# Directions for this task:
Write out the data exactly, keeping every line.

Dataset records:
◆ ◆ ◆ ◆ ◆ ◆ ◆
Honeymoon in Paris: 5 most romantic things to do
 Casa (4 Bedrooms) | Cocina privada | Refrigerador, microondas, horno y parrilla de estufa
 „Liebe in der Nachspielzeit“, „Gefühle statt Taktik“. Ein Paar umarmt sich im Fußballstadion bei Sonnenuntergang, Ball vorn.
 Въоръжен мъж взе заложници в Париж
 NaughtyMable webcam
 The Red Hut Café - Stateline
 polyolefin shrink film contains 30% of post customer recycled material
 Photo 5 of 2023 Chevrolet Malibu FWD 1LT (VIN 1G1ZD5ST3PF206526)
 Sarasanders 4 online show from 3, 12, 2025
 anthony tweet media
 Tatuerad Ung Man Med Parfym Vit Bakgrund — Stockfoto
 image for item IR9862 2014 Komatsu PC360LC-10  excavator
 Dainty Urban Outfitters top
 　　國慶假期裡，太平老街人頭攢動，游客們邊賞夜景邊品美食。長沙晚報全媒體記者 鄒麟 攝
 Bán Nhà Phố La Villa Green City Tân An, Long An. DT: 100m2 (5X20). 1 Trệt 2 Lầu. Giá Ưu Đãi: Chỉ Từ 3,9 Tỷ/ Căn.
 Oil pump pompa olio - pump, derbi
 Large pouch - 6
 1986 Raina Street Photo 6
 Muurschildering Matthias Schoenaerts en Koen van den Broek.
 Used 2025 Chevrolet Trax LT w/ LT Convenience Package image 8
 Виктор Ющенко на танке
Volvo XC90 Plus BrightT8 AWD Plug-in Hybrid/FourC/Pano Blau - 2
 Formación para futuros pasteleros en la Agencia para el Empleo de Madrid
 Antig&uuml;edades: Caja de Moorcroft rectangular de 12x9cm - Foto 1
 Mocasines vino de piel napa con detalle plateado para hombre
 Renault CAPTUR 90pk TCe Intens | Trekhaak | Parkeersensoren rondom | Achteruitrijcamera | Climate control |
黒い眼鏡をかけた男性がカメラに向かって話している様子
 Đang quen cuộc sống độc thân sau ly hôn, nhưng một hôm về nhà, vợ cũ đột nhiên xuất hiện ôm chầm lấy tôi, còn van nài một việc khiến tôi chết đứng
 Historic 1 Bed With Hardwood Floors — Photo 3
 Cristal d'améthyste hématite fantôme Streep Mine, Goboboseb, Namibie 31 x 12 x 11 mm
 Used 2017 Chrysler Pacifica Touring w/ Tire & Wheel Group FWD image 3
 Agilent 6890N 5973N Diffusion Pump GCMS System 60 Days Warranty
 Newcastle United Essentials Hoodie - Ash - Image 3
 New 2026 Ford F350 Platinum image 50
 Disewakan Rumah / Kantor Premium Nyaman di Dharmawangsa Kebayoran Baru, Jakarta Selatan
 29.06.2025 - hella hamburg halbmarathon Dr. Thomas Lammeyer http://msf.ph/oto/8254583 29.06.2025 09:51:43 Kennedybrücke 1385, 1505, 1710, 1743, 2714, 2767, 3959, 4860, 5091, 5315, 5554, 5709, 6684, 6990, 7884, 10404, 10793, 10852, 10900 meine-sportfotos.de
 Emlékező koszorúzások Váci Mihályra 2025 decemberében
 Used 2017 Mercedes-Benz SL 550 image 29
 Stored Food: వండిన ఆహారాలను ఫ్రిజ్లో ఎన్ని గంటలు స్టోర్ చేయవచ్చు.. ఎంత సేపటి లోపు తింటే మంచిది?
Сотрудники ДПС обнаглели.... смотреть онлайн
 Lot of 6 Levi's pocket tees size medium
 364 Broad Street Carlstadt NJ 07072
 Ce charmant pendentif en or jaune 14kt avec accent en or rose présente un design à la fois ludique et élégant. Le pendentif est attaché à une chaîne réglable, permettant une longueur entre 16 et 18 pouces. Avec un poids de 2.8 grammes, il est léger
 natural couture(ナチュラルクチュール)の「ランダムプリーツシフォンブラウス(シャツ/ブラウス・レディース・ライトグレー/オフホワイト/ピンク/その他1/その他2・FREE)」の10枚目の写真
◆ ◆ ◆ ◆ ◆ ◆ ◆
# Completed exercise:
Honeymoon in Paris: 5 most romantic things to do
 Casa (4 Bedrooms) | Cocina privada | Refrigerador, microondas, horno y parrilla de estufa
 „Liebe in der Nachspielzeit“, „Gefühle statt Taktik“. Ein Paar umarmt sich im Fußballstadion bei Sonnenuntergang, Ball vorn.
 Въоръжен мъж взе заложници в Париж
 NaughtyMable webcam
 The Red Hut Café - Stateline
 polyolefin shrink film contains 30% of post customer recycled material
 Photo 5 of 2023 Chevrolet Malibu FWD 1LT (VIN 1G1ZD5ST3PF206526)
 Sarasanders 4 online show from 3, 12, 2025
 anthony tweet media
 Tatuerad Ung Man Med Parfym Vit Bakgrund — Stockfoto
 image for item IR9862 2014 Komatsu PC360LC-10  excavator
 Dainty Urban Outfitters top
 　　國慶假期裡，太平老街人頭攢動，游客們邊賞夜景邊品美食。長沙晚報全媒體記者 鄒麟 攝
 Bán Nhà Phố La Villa Green City Tân An, Long An. DT: 100m2 (5X20). 1 Trệt 2 Lầu. Giá Ưu Đãi: Chỉ Từ 3,9 Tỷ/ Căn.
 Oil pump pompa olio - pump, derbi
 Large pouch - 6
 1986 Raina Street Photo 6
 Muurschildering Matthias Schoenaerts en Koen van den Broek.
 Used 2025 Chevrolet Trax LT w/ LT Convenience Package image 8
 Виктор Ющенко на танке
Volvo XC90 Plus BrightT8 AWD Plug-in Hybrid/FourC/Pano Blau - 2
 Formación para futuros pasteleros en la Agencia para el Empleo de Madrid
 Antig&uuml;edades: Caja de Moorcroft rectangular de 12x9cm - Foto 1
 Mocasines vino de piel napa con detalle plateado para hombre
 Renault CAPTUR 90pk TCe Intens | Trekhaak | Parkeersensoren rondom | Achteruitrijcamera | Climate control |
黒い眼鏡をかけた男性がカメラに向かって話している様子
 Đang quen cuộc sống độc thân sau ly hôn, nhưng một hôm về nhà, vợ cũ đột nhiên xuất hiện ôm chầm lấy tôi, còn van nài một việc khiến tôi chết đứng
 Historic 1 Bed With Hardwood Floors — Photo 3
 Cristal d'améthyste hématite fantôme Streep Mine, Goboboseb, Namibie 31 x 12 x 11 mm
 Used 2017 Chrysler Pacifica Touring w/ Tire & Wheel Group FWD image 3
 Agilent 6890N 5973N Diffusion Pump GCMS System 60 Days Warranty
 Newcastle United Essentials Hoodie - Ash - Image 3
 New 2026 Ford F350 Platinum image 50
 Disewakan Rumah / Kantor Premium Nyaman di Dharmawangsa Kebayoran Baru, Jakarta Selatan
 29.06.2025 - hella hamburg halbmarathon Dr. Thomas Lammeyer http://msf.ph/oto/8254583 29.06.2025 09:51:43 Kennedybrücke 1385, 1505, 1710, 1743, 2714, 2767, 3959, 4860, 5091, 5315, 5554, 5709, 6684, 6990, 7884, 10404, 10793, 10852, 10900 meine-sportfotos.de
 Emlékező koszorúzások Váci Mihályra 2025 decemberében
 Used 2017 Mercedes-Benz SL 550 image 29
 Stored Food: వండిన ఆహారాలను ఫ్రిజ్లో ఎన్ని గంటలు స్టోర్ చేయవచ్చు.. ఎంత సేపటి లోపు తింటే మంచిది?
Сотрудники ДПС обнаглели.... смотреть онлайн
 Lot of 6 Levi's pocket tees size medium
 364 Broad Street Carlstadt NJ 07072
 Ce charmant pendentif en or jaune 14kt avec accent en or rose présente un design à la fois ludique et élégant. Le pendentif est attaché à une chaîne réglable, permettant une longueur entre 16 et 18 pouces. Avec un poids de 2.8 grammes, il est léger
 natural couture(ナチュラルクチュール)の「ランダムプリーツシフォンブラウス(シャツ/ブラウス・レディース・ライトグレー/オフホワイト/ピンク/その他1/その他2・FREE)」の10枚目の写真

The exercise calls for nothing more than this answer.